Input data:
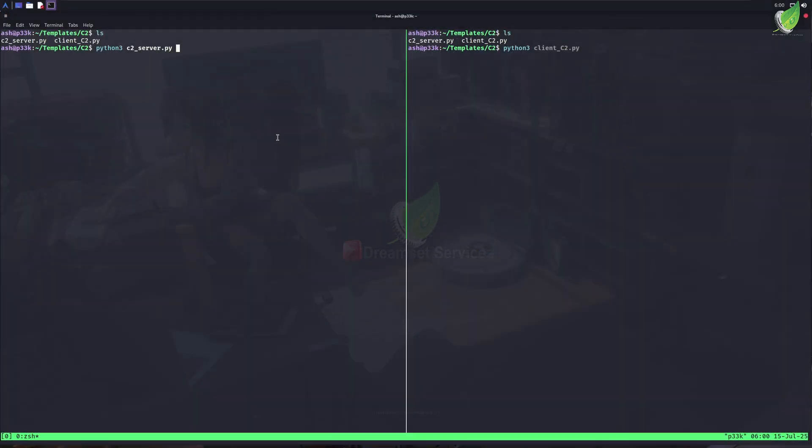So here in my Kali Linux, I am running two terminals side by side. In one terminal, I am going to run one Python file. It has codes for a simple Python C2 server.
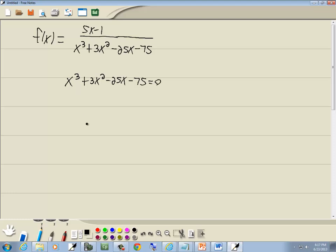This one I'm going to use grouping. So I group the first two terms together, group the last two terms together. The first two terms have an x squared in common as the GCF so I'll factor that out. That leaves us x plus 3.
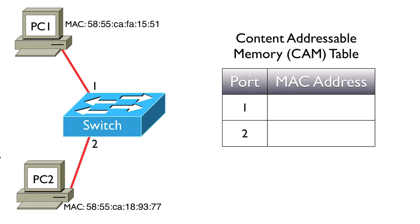A switch is going to use a content addressable memory, or a CAM table, to make its forwarding decisions. This table is often referred to as a MAC address table. We can use those terms synonymously.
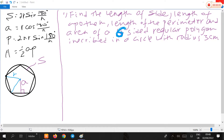Hello everyone. This is the video about the length of the side, the length of the apothem, the length of the perimeter, and the area of a regular polygon inscribed in a circle.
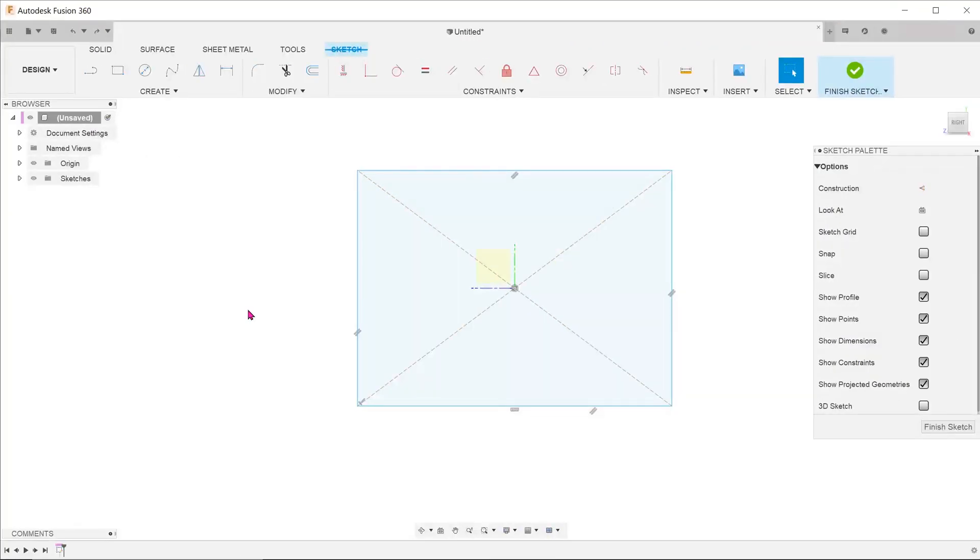Now let's take a look at another situation. Oftentimes, we might place a center rectangle with the center that snaps to the origin.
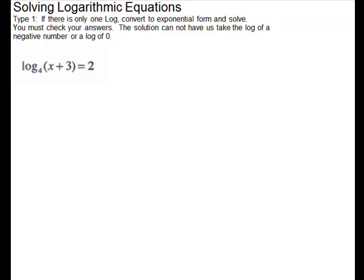Solving logarithmic equations. We're going to look at two types of log equations. The first one will just have one log — the log of something equals a constant — and for that kind we will convert to exponential form and solve. Something very important with log equations is you have to check your answers and make sure that your solution does not cause us to take the log of a negative number or the log of zero, because that is not in the domain of the logarithm.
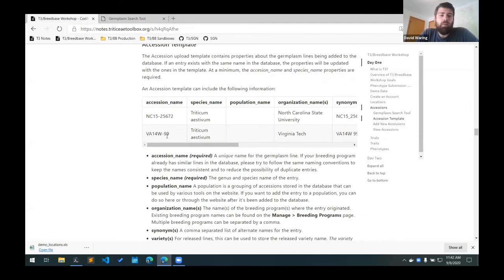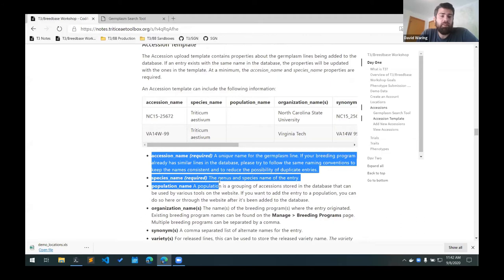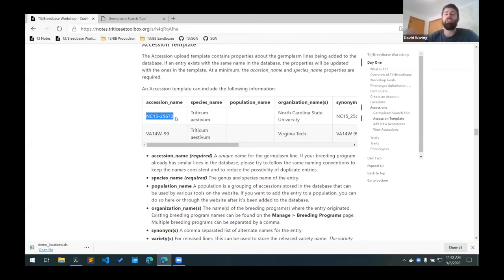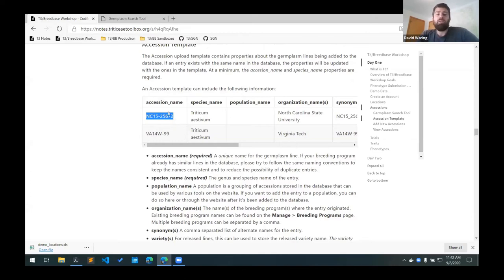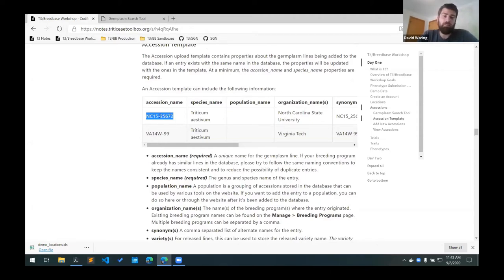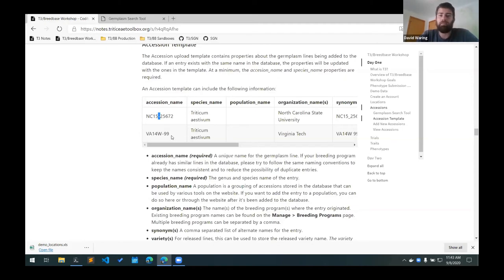So the properties for this template, there are two required properties and they are the accession name and species name. The accession name has to be a unique name for the germplasm line. And we ask that if your breeding program already has some similar lines in the database that we ask you to try to follow the naming convention that was already used in the past. So if your breeding program uses a dash as the delimiter, we ask that you continue to use the dashes as the delimiter so that way we can try to reduce the possible number of duplicates in the database.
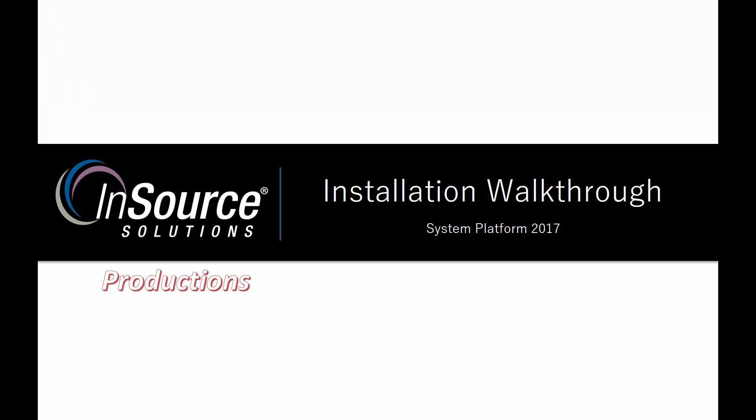Hello, my name is Dylan Pereira, and in this video from InSource Productions, I'm going to be talking about installing Wonderware System Platform 2017. We're going to go through a walkthrough of how to do the install.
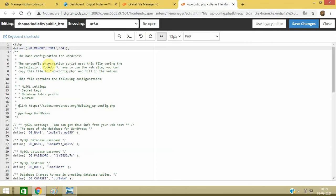So you need to type this one: define('WP_MEMORY_LIMIT', '64M'). And just click on Save Changes.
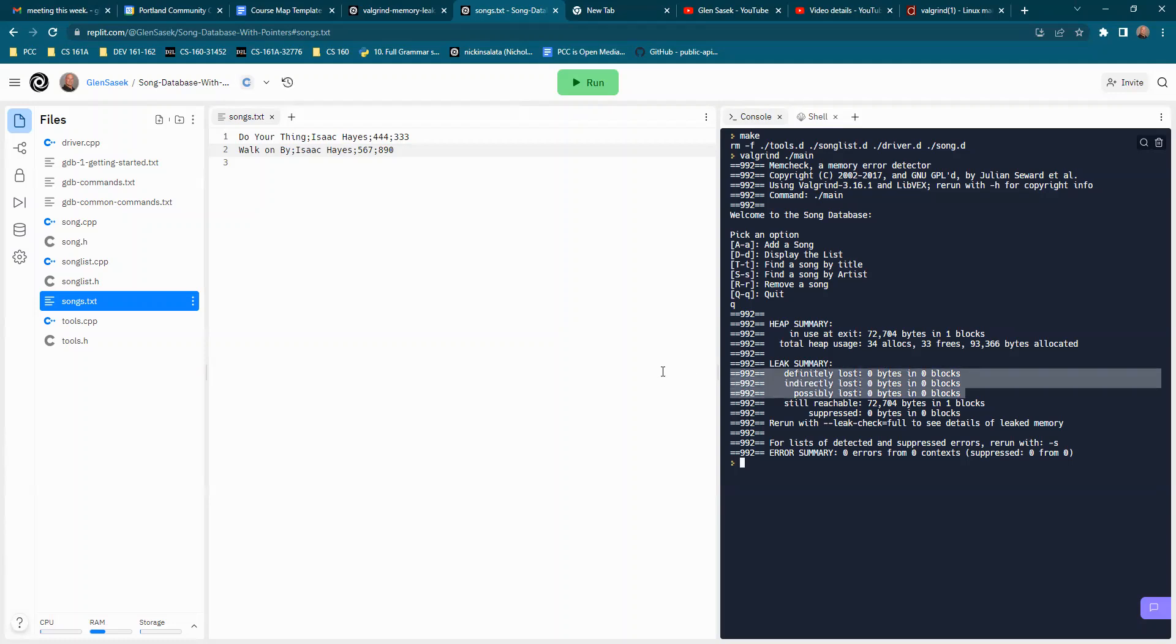this leak summary. You want these three to be zero. So that's what we're looking for.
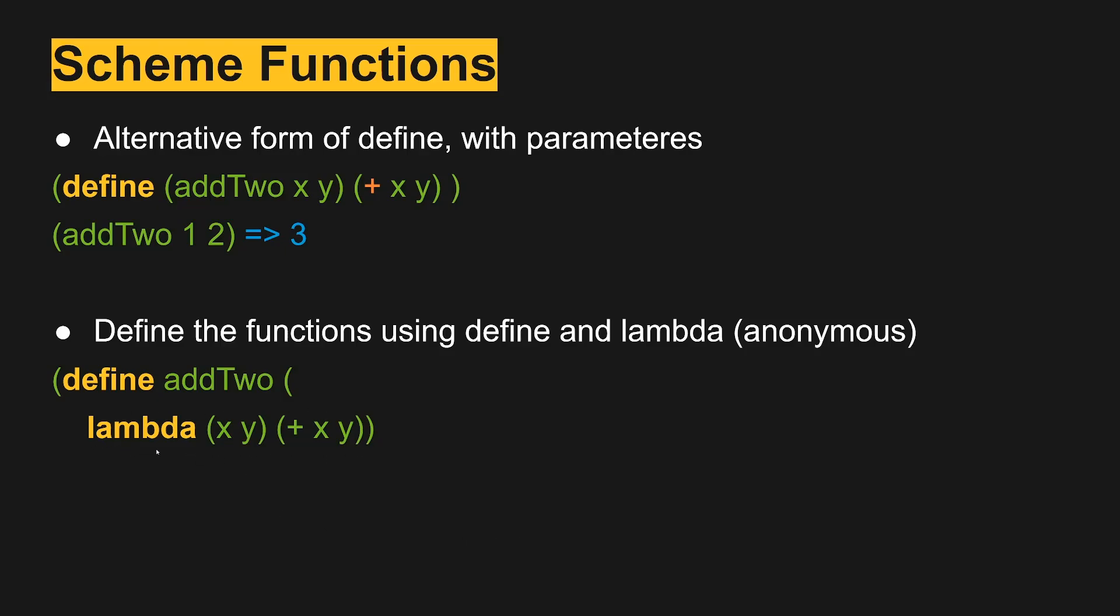It can stand on its own to execute and we define addTwo. So we're defining addTwo as the name of it that we'll refer to later, but then the function itself is in the body and it's going to take in two arguments, x and y. And so we end up with addTwo one, two equals three.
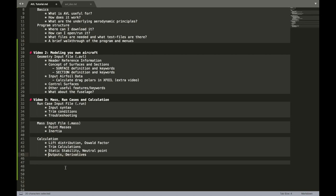We are going to look at static stability. Neutral points. And outputs. What you can get out of AVL. In the end. For further calculations. Or use. Thank you so much for watching. I hope you learned something. And see you in the last video. Bye bye.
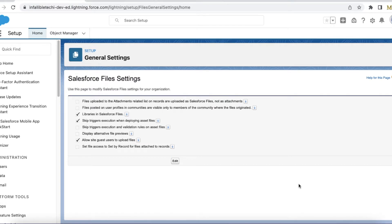Hello everyone. In this video we are going to see how to allow guest users in Experience Cloud site to upload files. This will allow external users to upload files even though they are unauthenticated — they don't have a username and password to log into Salesforce. Using this Experience Cloud site, we can make it a public site and use guest user mode to allow external users to upload files.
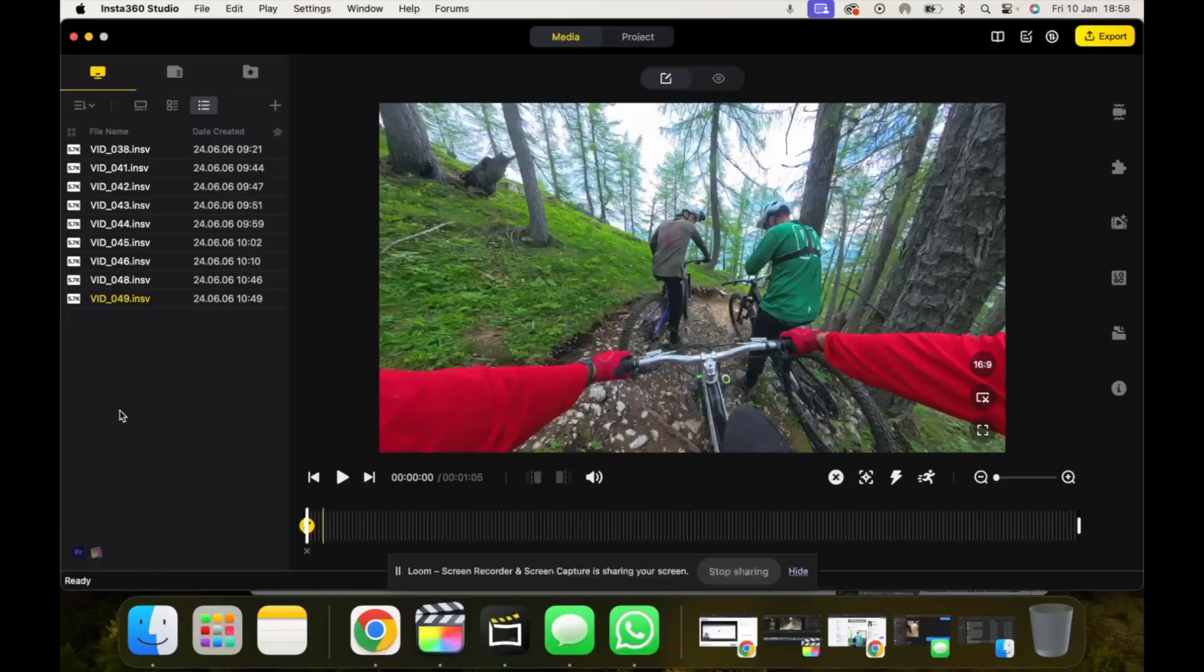So Direction Lock is an editing tool that you can use depending on what you're shooting to enhance your videos. Direction Lock, essentially when it's turned on, Insta360 software will try and follow the direction of where you're pointing your lens. So we'll jump over to my computer now and I'll show you exactly how Direction Lock works and how you can use it to enhance your 360 videos.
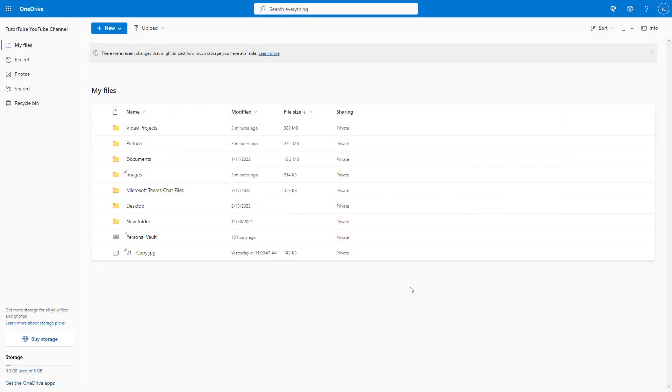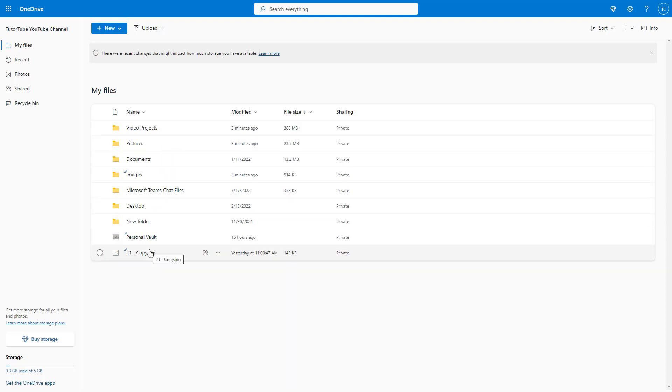You can also rename files and folders easily inside of Microsoft OneDrive. Over here on the home page, you can see that I have a bunch of folders and they have certain names.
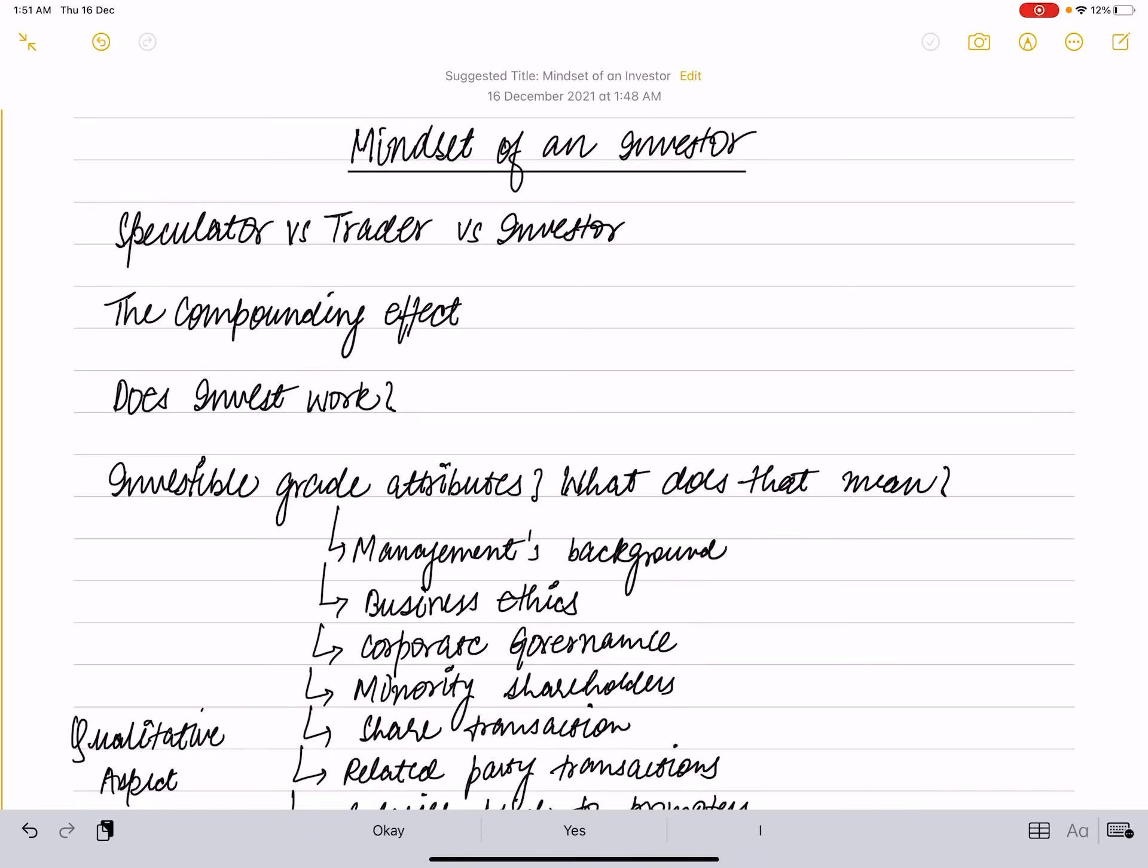Hello everyone, welcome to Finance by Vishay and Arpata. In today's video, we will see the mindset of an investor.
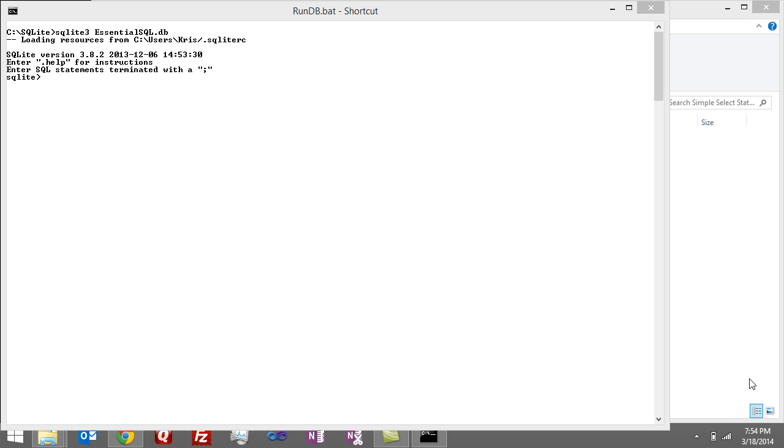All right, I've watched the database and let's start looking at the SELECT statement, exploring how we can use it.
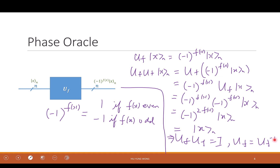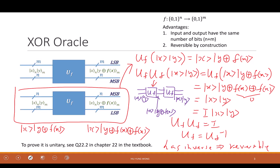In the Deutsch algorithm we use the exclusive oracle. In the next algorithm — Grover's algorithm — we will use the phase oracle, because it changes the phase of the vector. Negative one equals e to the power i·pi, which is a 180-degree phase shift — that's why it's called the phase oracle. And the other is called exclusive because we have the XOR sign.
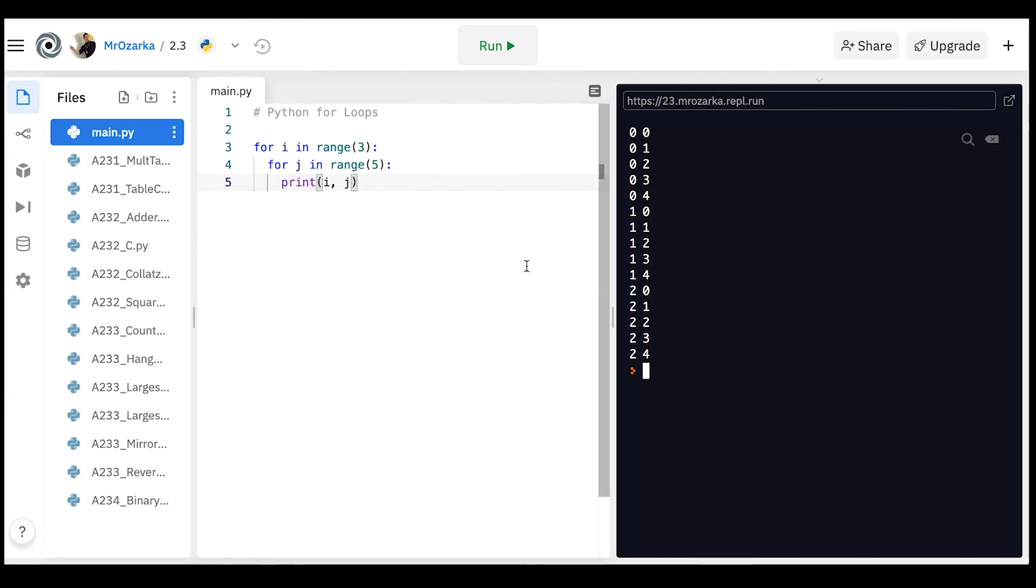So that's basically a brief intro to for loops and how they relate to the range function. If you have any questions about anything in this video, let me know.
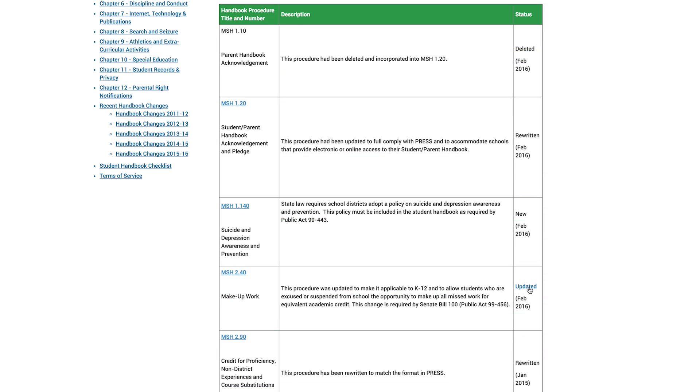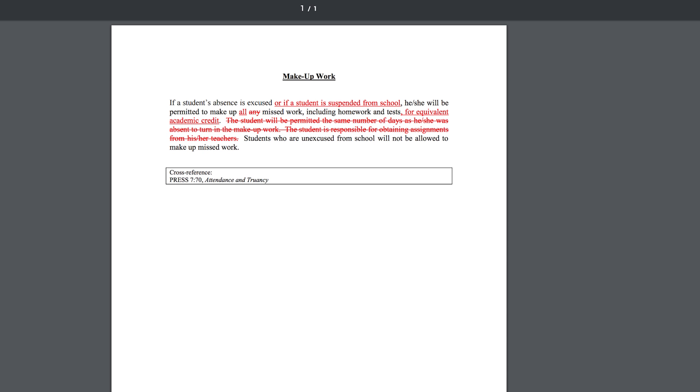Then once a year, generally in February, all model student handbook procedures are listed in a comprehensive update for the upcoming school year. New this year, we are very excited about a section that will contain a PDF document showing the specific change for each student handbook policy. This option will allow users to more quickly incorporate handbook changes into their existing student handbook. Updates are also available for each of the last three years.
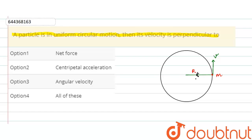So the centripetal acceleration ac acts radially inward in order to keep the particle in circular motion. Since the velocity is in the anticlockwise direction, omega points upward. Using the right-hand thumb rule — if we curl our fingers in the direction of rotation, the thumb represents omega. Hence omega is represented by a dot, acting perpendicular to the plane of the circle.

Work instruction: Set down the records again verbatim, with no pictures.

Answer for this exercise:
So here in my Kali Linux, I am running two terminals side by side. In one terminal, I am going to run one Python file. It has codes for a simple Python C2 server.
This one I'm going to use grouping. So I group the first two terms together, group the last two terms together. The first two terms have an x squared in common as the GCF so I'll factor that out. That leaves us x plus 3.
A switch is going to use a content addressable memory, or a CAM table, to make its forwarding decisions. This table is often referred to as a MAC address table. We can use those terms synonymously.
Hello everyone. This is the video about the length of the side, the length of the apothem, the length of the perimeter, and the area of a regular polygon inscribed in a circle.
Now let's take a look at another situation. Oftentimes, we might place a center rectangle with the center that snaps to the origin.
Solving logarithmic equations. We're going to look at two types of log equations. The first one will just have one log — the log of something equals a constant — and for that kind we will convert to exponential form and solve. Something very important with log equations is you have to check your answers and make sure that your solution does not cause us to take the log of a negative number or the log of zero, because that is not in the domain of the logarithm.
So the properties for this template, there are two required properties and they are the accession name and species name. The accession name has to be a unique name for the germplasm line. And we ask that if your breeding program already has some similar lines in the database that we ask you to try to follow the naming convention that was already used in the past. So if your breeding program uses a dash as the delimiter, we ask that you continue to use the dashes as the delimiter so that way we can try to reduce the possible number of duplicates in the database.
Hello, my name is Dylan Pereira, and in this video from InSource Productions, I'm going to be talking about installing Wonderware System Platform 2017. We're going to go through a walkthrough of how to do the install.
So you need to type this one: define('WP_MEMORY_LIMIT', '64M'). And just click on Save Changes.
this leak summary. You want these three to be zero. So that's what we're looking for.
It can stand on its own to execute and we define addTwo. So we're defining addTwo as the name of it that we'll refer to later, but then the function itself is in the body and it's going to take in two arguments, x and y. And so we end up with addTwo one, two equals three.
We are going to look at static stability. Neutral points. And outputs. What you can get out of AVL. In the end. For further calculations. Or use. Thank you so much for watching. I hope you learned something. And see you in the last video. Bye bye.
Hello everyone. In this video we are going to see how to allow guest users in Experience Cloud site to upload files. This will allow external users to upload files even though they are unauthenticated — they don't have a username and password to log into Salesforce. Using this Experience Cloud site, we can make it a public site and use guest user mode to allow external users to upload files.
So Direction Lock is an editing tool that you can use depending on what you're shooting to enhance your videos. Direction Lock, essentially when it's turned on, Insta360 software will try and follow the direction of where you're pointing your lens. So we'll jump over to my computer now and I'll show you exactly how Direction Lock works and how you can use it to enhance your 360 videos.
You can also rename files and folders easily inside of Microsoft OneDrive. Over here on the home page, you can see that I have a bunch of folders and they have certain names.
Hello everyone, welcome to Finance by Vishay and Arpata. In today's video, we will see the mindset of an investor.
All right, I've watched the database and let's start looking at the SELECT statement, exploring how we can use it.
In the Deutsch algorithm we use the exclusive oracle. In the next algorithm — Grover's algorithm — we will use the phase oracle, because it changes the phase of the vector. Negative one equals e to the power i·pi, which is a 180-degree phase shift — that's why it's called the phase oracle. And the other is called exclusive because we have the XOR sign.
So that's basically a brief intro to for loops and how they relate to the range function. If you have any questions about anything in this video, let me know.
Then once a year, generally in February, all model student handbook procedures are listed in a comprehensive update for the upcoming school year. New this year, we are very excited about a section that will contain a PDF document showing the specific change for each student handbook policy. This option will allow users to more quickly incorporate handbook changes into their existing student handbook. Updates are also available for each of the last three years.
So the centripetal acceleration ac acts radially inward in order to keep the particle in circular motion. Since the velocity is in the anticlockwise direction, omega points upward. Using the right-hand thumb rule — if we curl our fingers in the direction of rotation, the thumb represents omega. Hence omega is represented by a dot, acting perpendicular to the plane of the circle.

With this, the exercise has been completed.